I befriended the friendless and the outcasts, I shared fashion magazines with the gay kids wearing Armani at 14 in a redneck town named Boonville, I made friends with the group home kids, dated the Mexicans and encouraged the geeks to run for student office because they were the smartest. I listened to the Dead Kennedies and Sweet Home Alabama, I watched A Clockwork Orange, Honeysuckle Rose and Helen Caldicott. I had posters of Willie Nelson and Prince and Jesus on my walls. And I admit, a Matt Dillon. I saw Mary Daly as a tiny child, and I loved Dolly Parton.
I shopped at second hand stores and got vintage clothes when it was decidedly not cool. I rode a skateboard and carried my teddy bear that I have had from birth in my backpack with his head sticking out – he wore a white bone carved Buddha on a black leather string, his name was Girton.

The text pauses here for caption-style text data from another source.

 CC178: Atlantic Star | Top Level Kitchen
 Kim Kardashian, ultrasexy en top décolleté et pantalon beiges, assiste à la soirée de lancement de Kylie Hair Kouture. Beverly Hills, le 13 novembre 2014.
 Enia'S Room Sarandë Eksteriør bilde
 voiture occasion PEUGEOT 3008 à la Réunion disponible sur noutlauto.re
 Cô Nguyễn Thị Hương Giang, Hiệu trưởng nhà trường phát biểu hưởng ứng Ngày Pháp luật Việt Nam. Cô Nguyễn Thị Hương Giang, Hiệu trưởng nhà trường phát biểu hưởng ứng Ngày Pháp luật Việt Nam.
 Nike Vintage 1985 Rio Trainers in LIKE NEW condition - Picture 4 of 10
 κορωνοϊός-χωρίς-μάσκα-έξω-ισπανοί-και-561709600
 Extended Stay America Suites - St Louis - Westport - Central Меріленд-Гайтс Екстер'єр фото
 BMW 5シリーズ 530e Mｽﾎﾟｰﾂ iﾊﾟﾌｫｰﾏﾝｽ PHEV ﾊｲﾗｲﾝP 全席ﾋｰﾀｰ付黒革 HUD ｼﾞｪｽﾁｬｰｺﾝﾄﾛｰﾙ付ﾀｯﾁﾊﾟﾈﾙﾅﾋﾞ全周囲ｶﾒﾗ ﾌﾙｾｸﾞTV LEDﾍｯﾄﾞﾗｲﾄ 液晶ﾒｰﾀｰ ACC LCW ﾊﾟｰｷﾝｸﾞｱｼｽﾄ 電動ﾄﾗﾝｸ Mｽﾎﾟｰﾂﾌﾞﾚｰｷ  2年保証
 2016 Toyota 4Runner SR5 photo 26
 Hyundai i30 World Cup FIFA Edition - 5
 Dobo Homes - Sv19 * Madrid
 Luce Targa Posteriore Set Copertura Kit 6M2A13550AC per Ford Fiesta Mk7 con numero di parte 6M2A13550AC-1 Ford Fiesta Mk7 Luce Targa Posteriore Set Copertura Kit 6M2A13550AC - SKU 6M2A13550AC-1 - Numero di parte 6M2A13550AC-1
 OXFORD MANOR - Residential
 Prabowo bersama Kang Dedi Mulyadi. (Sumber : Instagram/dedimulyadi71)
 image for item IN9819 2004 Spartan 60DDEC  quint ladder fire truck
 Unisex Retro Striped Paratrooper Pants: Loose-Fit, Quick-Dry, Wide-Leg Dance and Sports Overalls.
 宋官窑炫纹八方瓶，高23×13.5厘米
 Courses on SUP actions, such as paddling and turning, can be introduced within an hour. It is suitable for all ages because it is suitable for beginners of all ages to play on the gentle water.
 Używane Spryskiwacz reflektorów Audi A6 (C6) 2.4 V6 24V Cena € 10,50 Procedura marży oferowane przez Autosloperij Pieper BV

Evolution of A Punk Rock Princess on Highway 101

When I was a teenager one of the most important things to me was to be original. It was clear to me that not only did I not fit in, I did not want to. Even sometimes when I was able to “pull it off” by being normal enough or popular enough even for one day, I kind of felt sick to my stomach about it. At the time I did not have language for what I felt. But now I know that who I had to be in the world according to who other people expected me to be – was not who I actually was. But did I even know who I was? Not really. Life did not afford me that many opportunities to SEE or KNOW who I was and so I was in the dark, like many…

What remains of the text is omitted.